Retype only the lines running from the beginning of the entries below to the line with "4th image of 8231 Hunters Glen Cir", both included. Do not include pictures.

• **INFORMATION**
================================
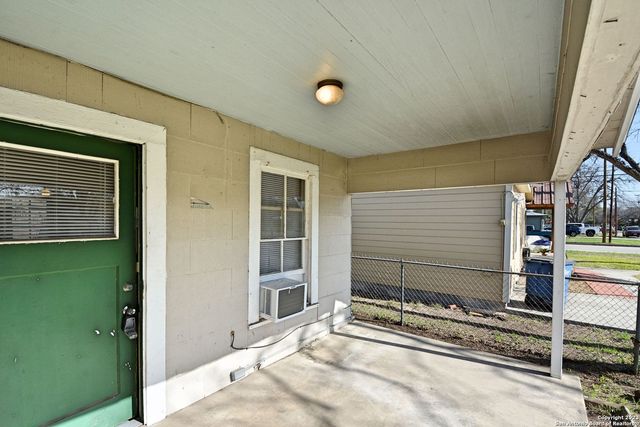 875 PORTER ST, New Braunfels, TX 78130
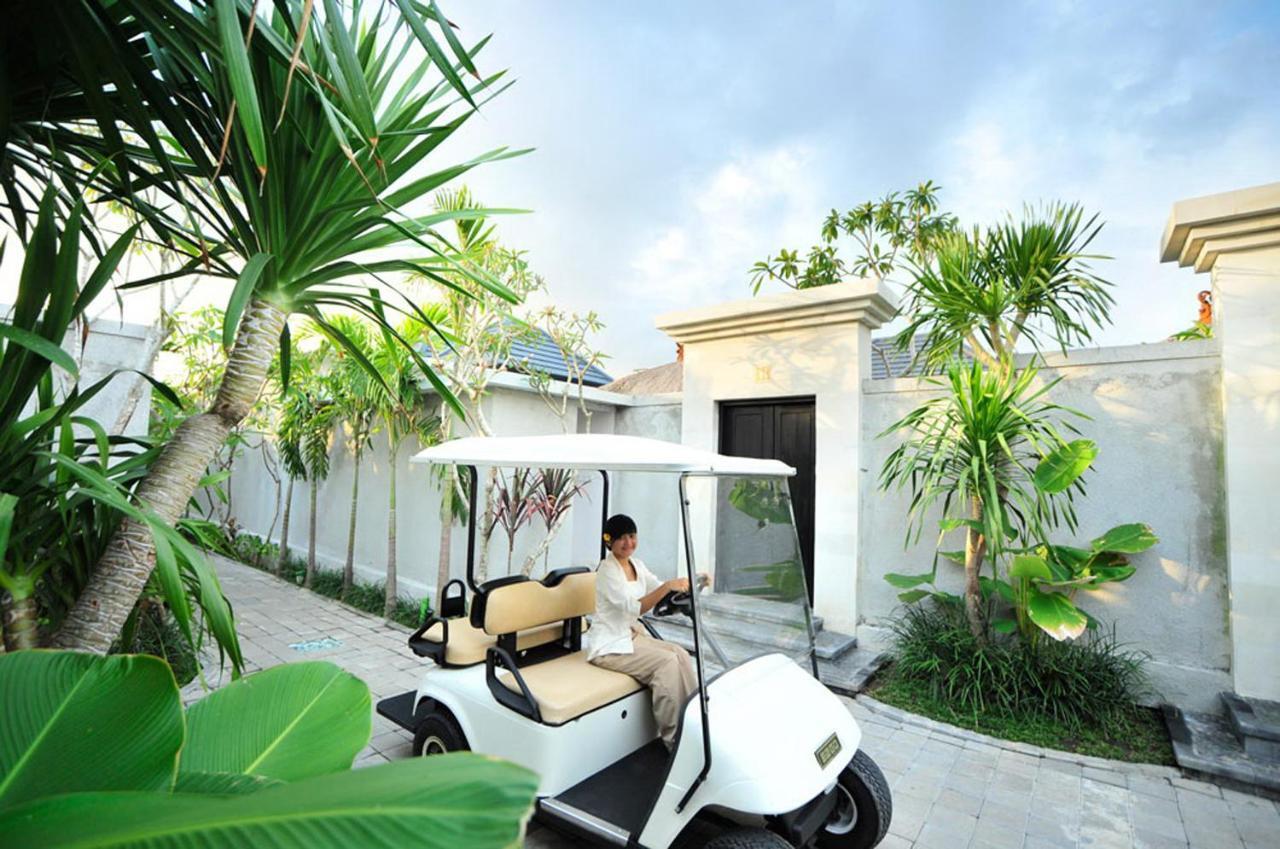 La Villais Kamojang Hotel Seminyak エクステリア 写真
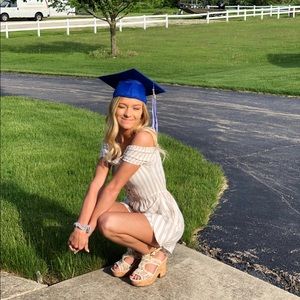 Meet your Posher, Veronica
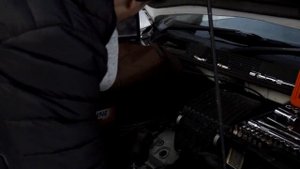 Быстро и сами меняем свечи на D16A Honda HR-V проверка цилиндров китайским эндоскопом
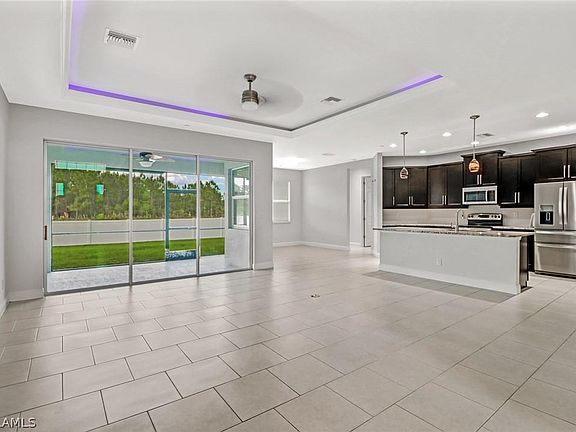 4th image of 8231 Hunters Glen Cir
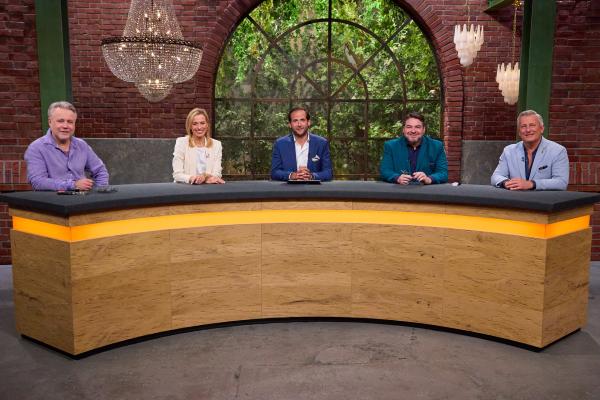 Bild 1 von 8: Von links: Händler Jan Cizek, Susanne Steiger, Julian Schmitz-Avila, Daniel Meyer und Markus Wildhagen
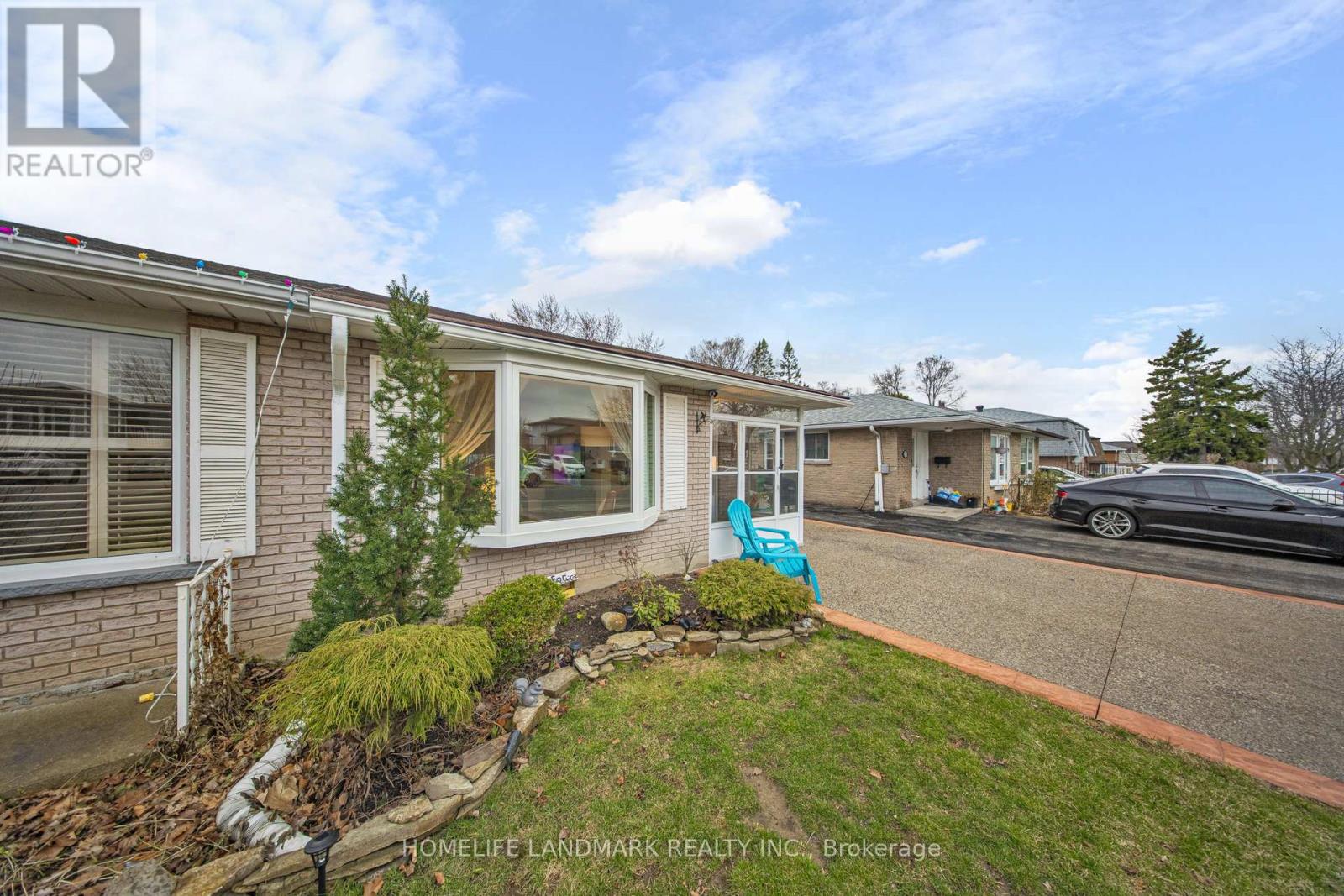 Property at 741 EAGLEMOUNT CRESCENT image 3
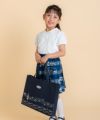 子供服 女の子 音符プリントトートバッグ ネイビー(06) モデル画像3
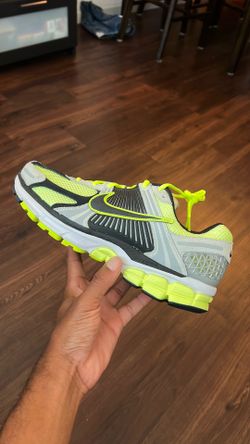 Nike Vomero 5 Size 9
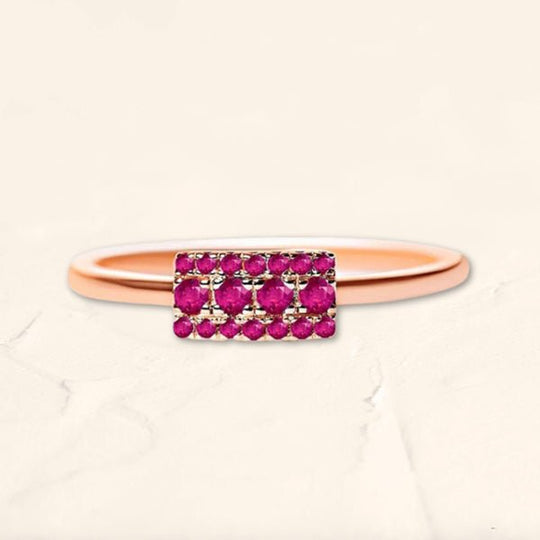 Anillo rectangular Sapna XL con rubíes engastados en oro rosa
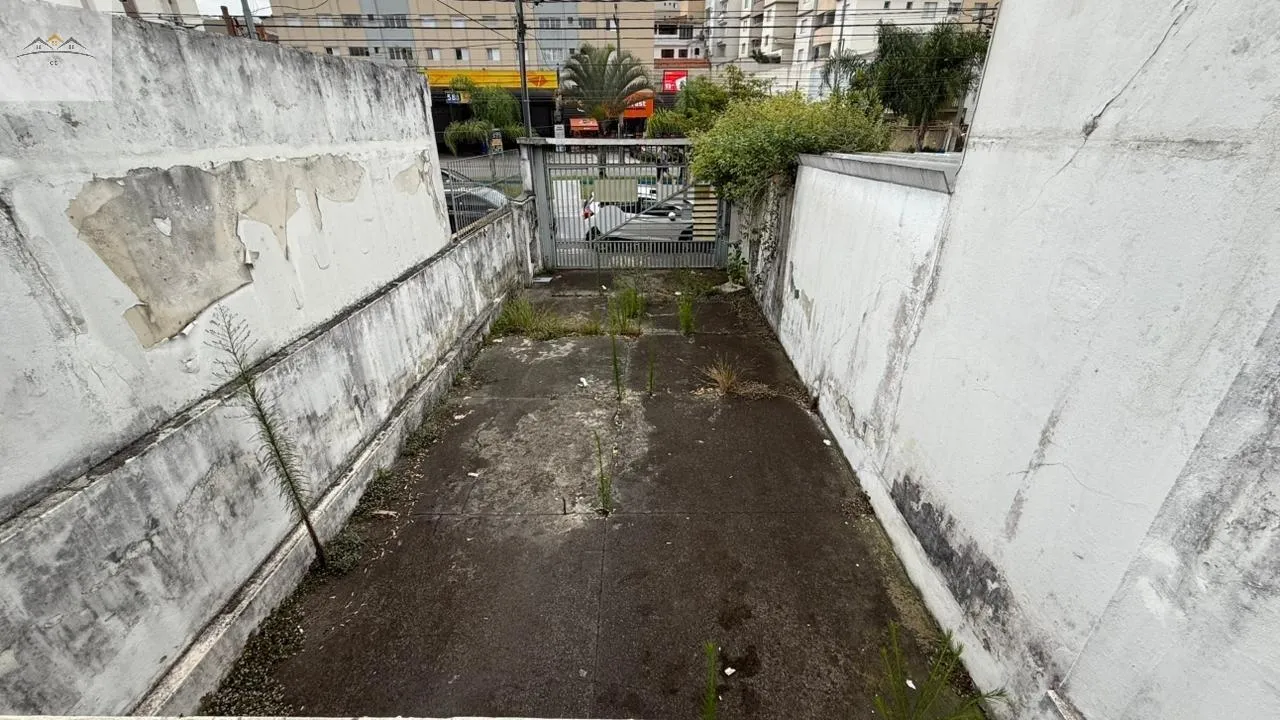 Imagem Terreno 150m² plano com casa antiga à venda na Av. Pres. Kennedy em São Caetano.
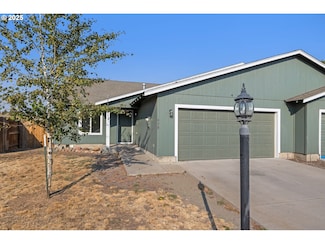 888 SE Kierra Place, Madras, OR 97741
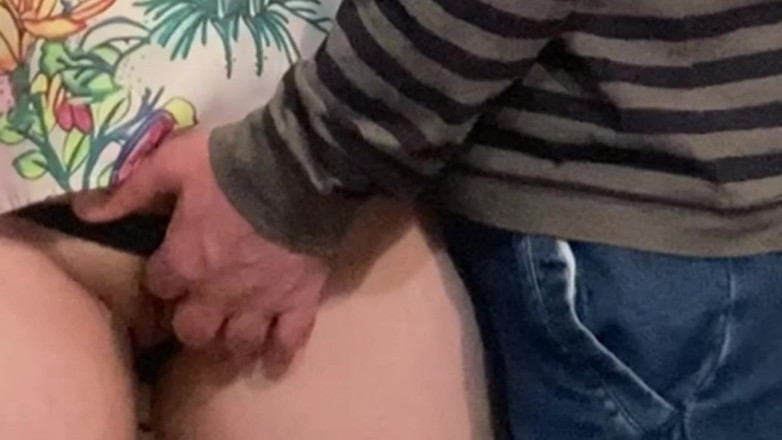 PriyaNaavya: Tato dívka mě nechala si třít její kundičku na veřejnosti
================================
• **SOLUTION BELOW**
 875 PORTER ST, New Braunfels, TX 78130
 La Villais Kamojang Hotel Seminyak エクステリア 写真
 Meet your Posher, Veronica
 Быстро и сами меняем свечи на D16A Honda HR-V проверка цилиндров китайским эндоскопом
 4th image of 8231 Hunters Glen Cir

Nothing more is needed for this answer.